France makes abortion a constitutional right, first in the world

Adebari Oguntoye
Adebari Oguntoye

French lawmakers have approved the bill to make abortion a constitutional right for women in the country.

The parliamentarians, on Monday, voted 780-72, making France the first country in the world to “guarantee the freedom” of women to abortion.

President Emmanuel Macron has been pushing for the enshrining of abortion as a women’s right in the French constitution.

Macron said the new amendment will now allow “the law to determine the conditions by which the freedom of women to have recourse to an abortion is exercised, which is guaranteed.”.
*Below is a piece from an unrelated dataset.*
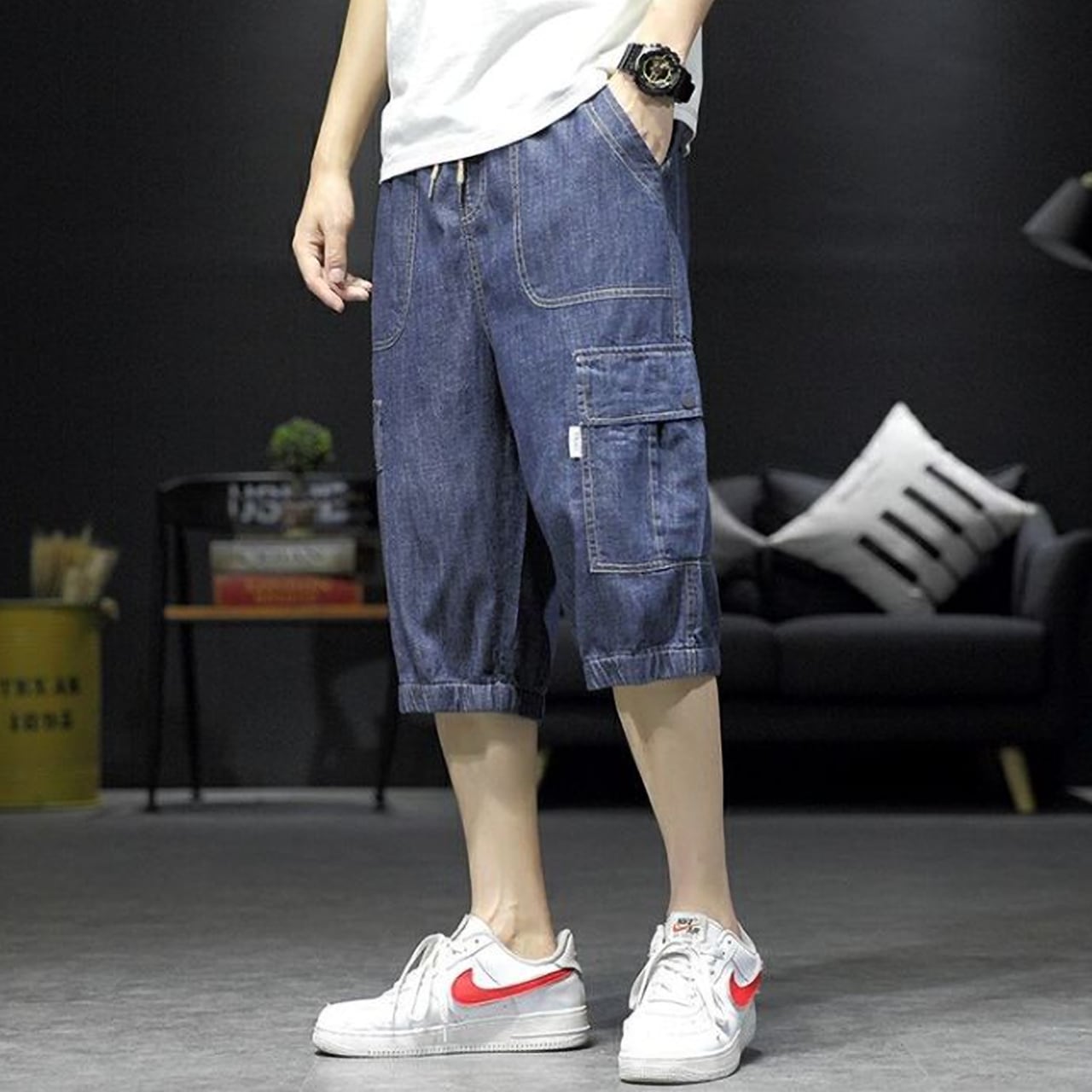 クロップドデニムパンツ HL1647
After the voting, the French president was said to have invited members of the French parliament for a special meeting at the Palace of Versailles in Paris.

The bill received massive support from the lower house of the parliament of France’s national assembly in January.
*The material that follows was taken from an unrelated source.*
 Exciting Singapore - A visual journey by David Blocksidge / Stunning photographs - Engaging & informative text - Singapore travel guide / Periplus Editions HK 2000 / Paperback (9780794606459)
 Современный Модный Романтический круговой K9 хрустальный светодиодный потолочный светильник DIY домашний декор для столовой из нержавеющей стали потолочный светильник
On February 1, some French protesters demonstrated in support of abortion rights during a debate on the draft law on the constitution at the senate in Paris, France’s capital.

BBC reports that about 85 percent of French are in support of the bill despite stern disapproval by right-wingers in parliament.

Discussions on the constitutional review of abortion rights in France were prompted after the US Supreme Court removed the right to abortion in 2022.

Many people have criticised the relevance of the bill, arguing that it is not a constitutional matter.

Speaking on the bill, Gabriel Attal, French prime minister, said women’s right to abortion has been “in danger and at the mercy of decision makers”.

“I am telling women, within our borders and beyond, the era of a world of hope is starting,” Attal said.

The recent constitutional amendment makes it the 25th review of the document by the parliament.